## 7.2 An Integrated 802.11a Baseband and MAC Processor

John Thomson, Bevan Baas, Elizabeth M. Cooper, Jeffrey M. Gilbert, George Hsieh, Paul Husted, Aparna Loka Nathan, Jeffrey S. Kuskin, David McCracken, Bill McFarland, Teresa H. Meng, David Nakahira, Samuel Ng, Mahesh Rattehalli, Jeff L. Smith, Ravi Subramanian, Lars Thon, Yi-Hsiu Wang, Robert Yu, Xiaoru Zhang

Atheros Communications, Sunnyvale, CA

The tremendous growth in wireless LANs has generated interest in technologies that provide higher data rates and greater system capacities. The IEEE 802.11a standard, based on coded OFDM modulation, provides nearly five times the data rate and as much as ten times the overall system capacity as current 802.11b wireless LAN systems [1,2,3]. This baseband and MAC processor is part of a two-chip set that forms a complete 802.11a solution [4]. The chip operates up to 54Mb/s in 20MHz channels according to the 802.11a standard, and includes proprietary modes supporting up to 108Mb/s in 40MHz channels.

Figures 7.2.1 and 7.2.2 depict the system and MAC architecture. The protocol control unit (PCU) manages all low-level, timing-critical aspects of 802.11. It formats and sends outgoing frame data to the baseband transmitter and processes incoming frame data from the baseband receiver. The host interface unit (HIU) provides connectivity to the host processor over a PCI bus.
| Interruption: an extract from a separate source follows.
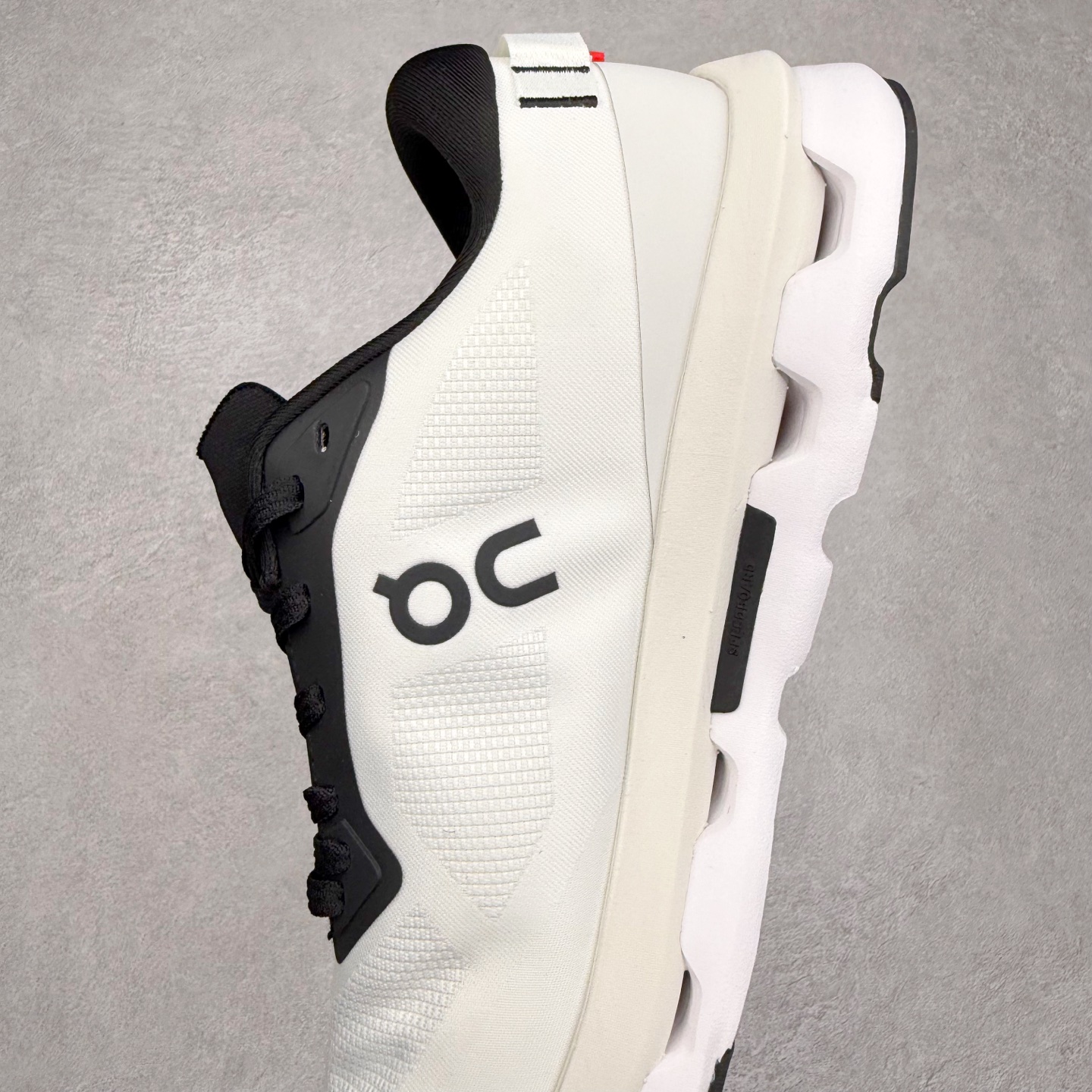 图片[7]-KITH x On昂跑 Cloudzone 联名款柔软舒适耐磨低帮休闲跑步鞋 此运动品牌 开创于2010年 缓震着陆、强效回弹、轻柔质感的设计构思始终是ON研制关键 与此同时基于“为全球提供革新性的跑步感受”信念 陆续推出了多款跑鞋及其以专业运动人体跑步工程学为设计关键的功能性跑步服饰设备 让跑者不费力气地畅快畅跑 尺码：36 36.5 37.5 38 38.5 39 40 40.5 41 42 42.5 43 44 44.5 45-选品中心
The DMA engine manages transfer of frame data and control information between the PCU and HIU.

Timing-critical functions require the MAC to act within microseconds of an event or at precise intervals. Examples of these functions include the channel access mechanism, channel state and network-wide timer updates, checksum generation and checking, hardware-level frame retry, and the generation of special frames such as periodic beacons and acknowledge. Non-timing-critical functions are performed in the driver software executing on the host. These include complex frame exchange sequences (e.g., association and authentication exchanges), frame fragmentation and defragmentation, frame buffering and bridging, and other network management portions of the 802.11 protocol.

The driver software builds transmit frames as a collection of frame data fragments in host memory and passes a pointer to a corresponding list of transmit descriptors to the DMA engine. The DMA engine traverses the list and performs the necessary data fetches from host memory, passing the coalesced frame data to the PCU. The DMA engine provides full scatter/gather capability, including support for arbitrary byte alignment and byte lengths, to avoid multiple data copy operations on the host.

The PCU encrypts the frame if WEP is enabled and generates the proper checksum value. It follows the 802.11 CSMA/CA access procedure to gain access to the channel and then forwards the frame to the baseband logic. On receive, the PCU extracts the frame type, verifies the checksum, and generates a response frame (typically an acknowledge) if appropriate. The PCU also passes the received frame to the DMA engine, which interprets a series of descriptors to transfer the frame data to host memory. The MAC provides power-management functions. Acting as a station in a multi-node network, for example, the MAC can be programmed to sleep automatically and awake just before the next beacon is scheduled to arrive. The PCU parses the incoming beacon to determine whether to remain awake for additional frames or to re-enter sleep.

The MAC is implemented using dedicated control and datapath logic, and includes registers that allow host software to configure and control its operation. This yields an overall design that is

compact, power-efficient, and requires no off-chip RAM or program storage, yet is flexible enough to accommodate the vagaries of the 802.11a protocol itself as well as the additional needs of the host operating system and driver software.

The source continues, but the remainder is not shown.